EXCERPTED DATA.
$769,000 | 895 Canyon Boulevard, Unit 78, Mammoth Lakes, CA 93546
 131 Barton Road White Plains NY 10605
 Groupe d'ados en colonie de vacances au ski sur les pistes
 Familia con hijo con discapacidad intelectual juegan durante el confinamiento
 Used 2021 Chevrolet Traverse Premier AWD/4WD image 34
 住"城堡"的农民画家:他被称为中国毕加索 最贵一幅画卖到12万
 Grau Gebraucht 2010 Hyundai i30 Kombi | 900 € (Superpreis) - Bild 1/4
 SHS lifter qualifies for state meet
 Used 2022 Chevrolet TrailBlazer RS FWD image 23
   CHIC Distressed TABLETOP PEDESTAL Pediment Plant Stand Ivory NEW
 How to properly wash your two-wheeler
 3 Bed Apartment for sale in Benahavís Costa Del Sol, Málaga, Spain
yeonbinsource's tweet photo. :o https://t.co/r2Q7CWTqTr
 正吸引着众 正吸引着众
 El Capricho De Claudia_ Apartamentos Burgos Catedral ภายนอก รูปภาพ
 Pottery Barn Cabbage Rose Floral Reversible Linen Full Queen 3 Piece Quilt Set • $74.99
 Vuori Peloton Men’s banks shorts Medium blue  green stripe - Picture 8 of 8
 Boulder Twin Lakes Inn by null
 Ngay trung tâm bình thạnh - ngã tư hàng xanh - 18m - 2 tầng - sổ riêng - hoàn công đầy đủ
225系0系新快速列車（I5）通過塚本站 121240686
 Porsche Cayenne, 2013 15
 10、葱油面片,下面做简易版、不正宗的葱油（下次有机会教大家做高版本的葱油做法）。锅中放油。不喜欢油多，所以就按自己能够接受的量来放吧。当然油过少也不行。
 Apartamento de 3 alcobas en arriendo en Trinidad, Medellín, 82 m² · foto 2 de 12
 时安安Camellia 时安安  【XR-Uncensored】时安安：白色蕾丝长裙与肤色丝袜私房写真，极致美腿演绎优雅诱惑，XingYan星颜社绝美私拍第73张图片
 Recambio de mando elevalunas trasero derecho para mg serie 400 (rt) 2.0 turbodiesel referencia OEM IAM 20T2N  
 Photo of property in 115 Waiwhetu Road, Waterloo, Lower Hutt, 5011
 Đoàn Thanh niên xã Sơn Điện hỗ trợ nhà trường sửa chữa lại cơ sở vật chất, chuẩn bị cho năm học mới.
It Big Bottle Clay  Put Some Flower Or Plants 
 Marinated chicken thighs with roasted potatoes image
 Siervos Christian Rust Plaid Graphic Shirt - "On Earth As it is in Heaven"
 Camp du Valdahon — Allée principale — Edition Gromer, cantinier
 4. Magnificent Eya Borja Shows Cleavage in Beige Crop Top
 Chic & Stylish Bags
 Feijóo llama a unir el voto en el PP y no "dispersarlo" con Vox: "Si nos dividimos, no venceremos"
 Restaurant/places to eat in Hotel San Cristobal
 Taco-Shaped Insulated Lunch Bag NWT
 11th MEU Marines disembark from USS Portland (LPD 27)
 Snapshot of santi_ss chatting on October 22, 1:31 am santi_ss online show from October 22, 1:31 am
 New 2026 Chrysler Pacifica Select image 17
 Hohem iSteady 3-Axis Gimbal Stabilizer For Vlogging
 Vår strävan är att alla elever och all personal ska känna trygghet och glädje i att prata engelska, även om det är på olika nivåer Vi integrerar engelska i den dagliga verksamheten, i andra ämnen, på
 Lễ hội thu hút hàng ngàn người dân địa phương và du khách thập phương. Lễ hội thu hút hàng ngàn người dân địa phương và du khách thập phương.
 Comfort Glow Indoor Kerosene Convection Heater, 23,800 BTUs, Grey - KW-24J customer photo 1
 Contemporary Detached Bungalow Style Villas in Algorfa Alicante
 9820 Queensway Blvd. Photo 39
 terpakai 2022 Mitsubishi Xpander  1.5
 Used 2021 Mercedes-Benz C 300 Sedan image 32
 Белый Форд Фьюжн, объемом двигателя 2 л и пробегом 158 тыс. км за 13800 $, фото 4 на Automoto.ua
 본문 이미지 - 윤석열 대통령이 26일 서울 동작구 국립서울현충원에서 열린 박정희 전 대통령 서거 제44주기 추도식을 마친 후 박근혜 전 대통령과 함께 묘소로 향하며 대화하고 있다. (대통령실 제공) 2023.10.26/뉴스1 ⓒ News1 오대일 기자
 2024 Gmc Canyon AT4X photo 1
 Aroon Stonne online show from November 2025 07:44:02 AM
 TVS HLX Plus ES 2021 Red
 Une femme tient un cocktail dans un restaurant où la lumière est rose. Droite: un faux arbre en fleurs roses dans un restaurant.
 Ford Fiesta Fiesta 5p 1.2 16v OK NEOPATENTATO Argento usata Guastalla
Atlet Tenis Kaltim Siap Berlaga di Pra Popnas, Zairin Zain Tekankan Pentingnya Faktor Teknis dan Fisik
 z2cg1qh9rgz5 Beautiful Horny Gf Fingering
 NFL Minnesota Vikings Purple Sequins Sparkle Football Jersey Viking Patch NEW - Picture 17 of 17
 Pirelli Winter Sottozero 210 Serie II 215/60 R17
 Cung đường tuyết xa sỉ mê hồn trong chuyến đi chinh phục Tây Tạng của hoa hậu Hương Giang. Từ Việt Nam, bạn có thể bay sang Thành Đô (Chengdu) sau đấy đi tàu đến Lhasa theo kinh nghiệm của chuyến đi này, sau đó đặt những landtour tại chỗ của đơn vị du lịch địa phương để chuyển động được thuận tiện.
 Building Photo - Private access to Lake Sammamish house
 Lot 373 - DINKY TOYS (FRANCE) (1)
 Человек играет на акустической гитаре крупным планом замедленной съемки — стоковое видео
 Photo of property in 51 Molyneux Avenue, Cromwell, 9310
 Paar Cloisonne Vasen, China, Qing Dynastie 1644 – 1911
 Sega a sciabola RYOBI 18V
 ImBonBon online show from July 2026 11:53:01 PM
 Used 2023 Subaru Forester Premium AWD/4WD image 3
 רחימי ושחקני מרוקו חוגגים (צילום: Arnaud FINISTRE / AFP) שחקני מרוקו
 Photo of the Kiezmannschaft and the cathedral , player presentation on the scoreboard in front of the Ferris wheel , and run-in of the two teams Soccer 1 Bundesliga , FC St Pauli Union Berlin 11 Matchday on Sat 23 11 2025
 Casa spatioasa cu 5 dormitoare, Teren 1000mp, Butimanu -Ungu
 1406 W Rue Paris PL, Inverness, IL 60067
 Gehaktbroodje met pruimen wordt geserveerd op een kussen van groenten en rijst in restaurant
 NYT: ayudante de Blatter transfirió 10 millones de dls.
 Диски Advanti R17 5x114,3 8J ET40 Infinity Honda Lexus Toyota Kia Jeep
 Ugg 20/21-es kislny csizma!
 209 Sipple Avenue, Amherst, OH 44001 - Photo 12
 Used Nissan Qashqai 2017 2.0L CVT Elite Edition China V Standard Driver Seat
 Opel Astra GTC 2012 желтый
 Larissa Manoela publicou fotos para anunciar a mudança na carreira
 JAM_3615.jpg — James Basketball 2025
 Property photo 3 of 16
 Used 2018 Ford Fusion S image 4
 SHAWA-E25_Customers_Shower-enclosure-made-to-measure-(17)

TASK DIRECTIONS.
Please tally each line in the material above that contains "Picture", and let the number be your entire reply.

REPLY TO THE EXERCISE.
2